MOYENS ANNEXES au présent arrêt Moyens produits au pourvoi principal par la SCP Bouzidi et Bouhanna, avocat aux Conseils, pour le groupement d'intérêt économique (GIE) AXA PREMIER MOYEN DE CASSATION LE POURVOI REPROCHE A L'ARRÊT CONFIRMATIF ATTAQUE D'AVOIR dit le licenciement de M.

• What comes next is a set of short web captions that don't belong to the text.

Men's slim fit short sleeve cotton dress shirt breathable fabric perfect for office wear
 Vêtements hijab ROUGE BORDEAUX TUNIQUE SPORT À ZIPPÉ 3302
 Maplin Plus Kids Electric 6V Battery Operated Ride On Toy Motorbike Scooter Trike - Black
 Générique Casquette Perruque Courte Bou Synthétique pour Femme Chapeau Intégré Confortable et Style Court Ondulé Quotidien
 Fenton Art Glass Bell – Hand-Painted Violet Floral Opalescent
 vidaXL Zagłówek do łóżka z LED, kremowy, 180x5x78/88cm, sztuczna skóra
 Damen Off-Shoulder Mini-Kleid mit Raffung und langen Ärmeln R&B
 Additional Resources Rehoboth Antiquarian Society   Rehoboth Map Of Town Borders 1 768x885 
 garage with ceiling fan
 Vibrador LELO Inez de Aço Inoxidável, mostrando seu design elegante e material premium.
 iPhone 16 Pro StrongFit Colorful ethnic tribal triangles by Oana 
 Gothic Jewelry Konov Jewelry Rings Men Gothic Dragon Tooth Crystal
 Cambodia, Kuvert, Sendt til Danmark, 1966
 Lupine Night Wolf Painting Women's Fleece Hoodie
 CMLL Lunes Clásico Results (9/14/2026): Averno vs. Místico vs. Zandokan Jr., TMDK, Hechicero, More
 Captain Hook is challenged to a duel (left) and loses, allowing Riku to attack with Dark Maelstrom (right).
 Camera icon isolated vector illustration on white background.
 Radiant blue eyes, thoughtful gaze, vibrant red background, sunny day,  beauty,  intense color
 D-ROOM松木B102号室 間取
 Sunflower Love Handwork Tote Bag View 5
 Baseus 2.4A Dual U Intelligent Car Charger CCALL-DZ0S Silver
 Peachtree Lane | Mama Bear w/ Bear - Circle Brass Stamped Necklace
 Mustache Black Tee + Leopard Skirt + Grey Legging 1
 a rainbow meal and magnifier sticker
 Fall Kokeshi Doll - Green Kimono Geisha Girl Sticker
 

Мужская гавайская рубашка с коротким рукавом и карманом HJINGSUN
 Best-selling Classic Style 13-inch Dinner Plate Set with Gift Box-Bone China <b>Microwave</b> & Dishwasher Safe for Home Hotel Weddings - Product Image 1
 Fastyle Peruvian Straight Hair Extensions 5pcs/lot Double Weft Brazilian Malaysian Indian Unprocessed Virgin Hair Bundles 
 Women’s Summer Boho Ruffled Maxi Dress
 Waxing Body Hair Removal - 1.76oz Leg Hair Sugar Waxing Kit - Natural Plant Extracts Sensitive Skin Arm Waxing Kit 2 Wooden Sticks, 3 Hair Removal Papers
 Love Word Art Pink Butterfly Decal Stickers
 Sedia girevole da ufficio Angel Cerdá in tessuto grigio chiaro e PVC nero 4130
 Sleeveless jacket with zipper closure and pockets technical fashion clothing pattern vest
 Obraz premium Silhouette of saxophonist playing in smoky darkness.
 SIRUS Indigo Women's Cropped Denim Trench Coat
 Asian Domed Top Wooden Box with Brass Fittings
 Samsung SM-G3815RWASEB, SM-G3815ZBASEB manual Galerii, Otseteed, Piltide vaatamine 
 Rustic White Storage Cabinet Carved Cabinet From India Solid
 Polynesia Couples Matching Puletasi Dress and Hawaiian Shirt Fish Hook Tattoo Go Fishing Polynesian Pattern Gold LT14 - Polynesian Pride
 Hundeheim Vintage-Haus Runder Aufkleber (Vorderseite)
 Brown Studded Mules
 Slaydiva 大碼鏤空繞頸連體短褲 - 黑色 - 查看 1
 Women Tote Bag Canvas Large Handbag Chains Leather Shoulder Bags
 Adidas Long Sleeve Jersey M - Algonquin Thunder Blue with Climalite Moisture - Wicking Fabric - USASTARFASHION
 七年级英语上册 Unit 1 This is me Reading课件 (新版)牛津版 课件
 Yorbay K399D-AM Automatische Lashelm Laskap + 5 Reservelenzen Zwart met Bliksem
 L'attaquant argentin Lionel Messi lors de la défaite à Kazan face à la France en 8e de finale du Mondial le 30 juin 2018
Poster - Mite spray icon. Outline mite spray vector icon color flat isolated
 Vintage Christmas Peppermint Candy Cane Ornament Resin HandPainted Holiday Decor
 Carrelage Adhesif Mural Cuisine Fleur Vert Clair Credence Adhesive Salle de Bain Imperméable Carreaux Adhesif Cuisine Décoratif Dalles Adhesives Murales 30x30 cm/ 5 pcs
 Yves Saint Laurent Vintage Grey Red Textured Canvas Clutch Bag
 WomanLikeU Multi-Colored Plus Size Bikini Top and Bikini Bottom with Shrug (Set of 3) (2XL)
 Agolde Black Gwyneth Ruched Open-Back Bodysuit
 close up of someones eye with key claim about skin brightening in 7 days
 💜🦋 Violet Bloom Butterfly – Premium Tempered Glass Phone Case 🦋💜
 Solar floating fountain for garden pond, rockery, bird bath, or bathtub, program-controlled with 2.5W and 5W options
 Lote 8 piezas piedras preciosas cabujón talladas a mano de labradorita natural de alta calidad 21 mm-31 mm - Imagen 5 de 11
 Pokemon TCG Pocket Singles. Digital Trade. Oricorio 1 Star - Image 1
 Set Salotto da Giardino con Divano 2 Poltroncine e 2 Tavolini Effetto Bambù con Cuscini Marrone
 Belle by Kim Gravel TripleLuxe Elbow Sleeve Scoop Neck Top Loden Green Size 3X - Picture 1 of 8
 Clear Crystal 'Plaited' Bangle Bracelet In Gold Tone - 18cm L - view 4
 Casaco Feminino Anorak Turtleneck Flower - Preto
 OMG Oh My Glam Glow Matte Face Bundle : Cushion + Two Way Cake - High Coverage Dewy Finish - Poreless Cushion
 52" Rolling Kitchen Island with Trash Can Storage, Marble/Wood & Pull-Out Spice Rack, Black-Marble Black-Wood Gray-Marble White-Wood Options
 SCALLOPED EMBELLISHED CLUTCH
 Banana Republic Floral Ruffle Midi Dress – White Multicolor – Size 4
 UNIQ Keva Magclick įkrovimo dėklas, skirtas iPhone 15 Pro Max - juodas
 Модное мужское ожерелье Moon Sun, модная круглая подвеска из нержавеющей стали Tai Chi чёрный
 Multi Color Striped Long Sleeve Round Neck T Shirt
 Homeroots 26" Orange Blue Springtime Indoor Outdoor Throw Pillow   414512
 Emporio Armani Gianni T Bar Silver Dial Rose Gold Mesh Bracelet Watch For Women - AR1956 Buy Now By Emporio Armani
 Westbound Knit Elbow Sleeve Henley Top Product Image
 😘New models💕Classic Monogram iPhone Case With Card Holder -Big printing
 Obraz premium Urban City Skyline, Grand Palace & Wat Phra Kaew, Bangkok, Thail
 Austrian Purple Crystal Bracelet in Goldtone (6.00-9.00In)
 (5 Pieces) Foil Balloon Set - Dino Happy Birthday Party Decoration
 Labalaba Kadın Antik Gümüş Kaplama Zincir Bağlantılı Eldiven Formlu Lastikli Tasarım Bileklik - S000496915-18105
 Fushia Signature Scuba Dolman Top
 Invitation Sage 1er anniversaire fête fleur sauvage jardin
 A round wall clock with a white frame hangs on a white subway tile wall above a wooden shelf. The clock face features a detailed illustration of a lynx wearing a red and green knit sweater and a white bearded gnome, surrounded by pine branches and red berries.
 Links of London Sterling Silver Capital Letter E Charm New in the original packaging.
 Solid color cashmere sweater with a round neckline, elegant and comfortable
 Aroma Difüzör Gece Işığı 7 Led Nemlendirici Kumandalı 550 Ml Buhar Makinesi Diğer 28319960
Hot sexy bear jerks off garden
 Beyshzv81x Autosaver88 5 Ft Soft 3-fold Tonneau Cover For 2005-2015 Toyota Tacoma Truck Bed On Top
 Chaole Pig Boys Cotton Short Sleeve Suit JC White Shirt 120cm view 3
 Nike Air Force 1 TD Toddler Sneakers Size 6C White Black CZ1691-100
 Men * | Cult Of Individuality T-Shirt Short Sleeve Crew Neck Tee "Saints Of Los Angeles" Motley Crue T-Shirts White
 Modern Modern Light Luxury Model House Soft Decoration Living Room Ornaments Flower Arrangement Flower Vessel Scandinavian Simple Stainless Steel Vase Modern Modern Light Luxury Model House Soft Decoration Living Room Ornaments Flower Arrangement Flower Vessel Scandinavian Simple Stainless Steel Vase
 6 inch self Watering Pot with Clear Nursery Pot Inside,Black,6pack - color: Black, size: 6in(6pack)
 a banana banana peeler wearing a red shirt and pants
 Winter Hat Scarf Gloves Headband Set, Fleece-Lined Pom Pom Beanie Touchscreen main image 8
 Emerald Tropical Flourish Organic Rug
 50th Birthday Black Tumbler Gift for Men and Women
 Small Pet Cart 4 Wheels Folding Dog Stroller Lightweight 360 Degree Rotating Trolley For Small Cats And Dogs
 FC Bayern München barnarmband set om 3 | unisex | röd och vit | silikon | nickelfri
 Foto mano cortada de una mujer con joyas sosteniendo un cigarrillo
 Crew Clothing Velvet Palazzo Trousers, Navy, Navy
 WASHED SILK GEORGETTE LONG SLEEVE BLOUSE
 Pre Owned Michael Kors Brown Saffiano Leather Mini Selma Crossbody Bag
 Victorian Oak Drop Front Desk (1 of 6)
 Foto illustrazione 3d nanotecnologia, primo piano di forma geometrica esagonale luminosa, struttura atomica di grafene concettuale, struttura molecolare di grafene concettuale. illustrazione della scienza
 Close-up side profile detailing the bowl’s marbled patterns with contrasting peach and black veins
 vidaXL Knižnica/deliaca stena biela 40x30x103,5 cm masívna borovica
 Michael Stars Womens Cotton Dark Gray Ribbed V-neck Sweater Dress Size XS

L... dépourvu de cause réelle et sérieuse et d'AVOIR, en conséquence, condamné l'employeur à lui verser diverses indemnités au titre de la rupture du contrat de travail et notamment à titre de dommages et intérêts pour licenciement sans cause réelle et sérieuse ; AUX MOTIFS PROPRES QU'en raison des carences et insuffisances et du comportement professionnel reprochés à D...
L..., le motif du licenciement relève de l'insuffisance professionnelle ; l'insuffisance professionnelle constitue une cause de licenciement pour cause réelle et sérieuse ; ce motif, matériellement vérifiable, étant invoqué dans la lettre de licenciement rend celle ci suffisamment motivée.
L'appréciation des aptitudes professionnelles et de l'adaptation à l'emploi relève du pouvoir de l'employeur, le juge ne pouvant substituer son appréciation à celle de ce dernier.